Sox-2, c-Jun and Egr2 transcripts containing multiple target sites for both miRNAs 138 and 709 were cloned into the 3′-UTR of luciferase gene in the pmiR-report vector. Cos-7 cells were co-transfected with miR-target vector and pmir-Report β-Gal vector as a control for transfection efficiency. Cell lysates were assayed 24 h post transfection for luciferase and β-Gal expression and β-Gal is used to normalize for differences in transfection efficiency. Sox-2, which lacks highly accessible sites for miR-138 and miR-709 show comparable expression to control (A & D, first two bars), while c-Jun (C, first two bars) and Egr2 (B & E, first two bars) that have multiple highly accessible sites for both miR-138 and 709 (Table 1 & Table S2) are highly de-repressed (c-Jun) or highly repressed (Egr2) by endogenous miRNAs.
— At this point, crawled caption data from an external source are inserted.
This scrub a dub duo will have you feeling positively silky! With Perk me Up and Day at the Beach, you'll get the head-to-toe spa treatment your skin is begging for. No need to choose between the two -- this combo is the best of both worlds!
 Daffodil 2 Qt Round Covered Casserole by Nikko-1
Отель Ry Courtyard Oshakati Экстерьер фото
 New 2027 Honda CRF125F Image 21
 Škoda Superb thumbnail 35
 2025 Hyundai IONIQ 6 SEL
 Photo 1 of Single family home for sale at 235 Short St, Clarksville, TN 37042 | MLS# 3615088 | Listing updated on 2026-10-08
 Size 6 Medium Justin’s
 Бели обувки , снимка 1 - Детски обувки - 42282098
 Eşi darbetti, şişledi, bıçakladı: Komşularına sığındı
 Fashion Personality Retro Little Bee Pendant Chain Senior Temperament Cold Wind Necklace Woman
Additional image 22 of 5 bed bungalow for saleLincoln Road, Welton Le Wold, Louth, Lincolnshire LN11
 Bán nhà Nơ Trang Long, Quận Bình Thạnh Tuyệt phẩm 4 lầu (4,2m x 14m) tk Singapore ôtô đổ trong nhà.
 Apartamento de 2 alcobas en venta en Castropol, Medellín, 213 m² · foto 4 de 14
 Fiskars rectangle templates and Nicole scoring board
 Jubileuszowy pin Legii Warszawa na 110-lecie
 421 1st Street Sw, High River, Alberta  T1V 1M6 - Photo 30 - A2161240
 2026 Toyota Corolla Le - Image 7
When miRNAs were overexpressed in molar excess through transfection, then Sox-2, c-Jun and Egr2 constructs were significantly repressed (A - E, last three bars). Luciferase assays with the available mouse anti-miRs for miR-138 and 709 again revealed significant derepression by individual anti-miRs for Sox-2 and Egr2 (D & E,). The combinatorial effect of both miRNAs is more significant for all three genes (A-E, last bar). ** denotes statistical significance (p<0.005) as calculated by Student’s t-test.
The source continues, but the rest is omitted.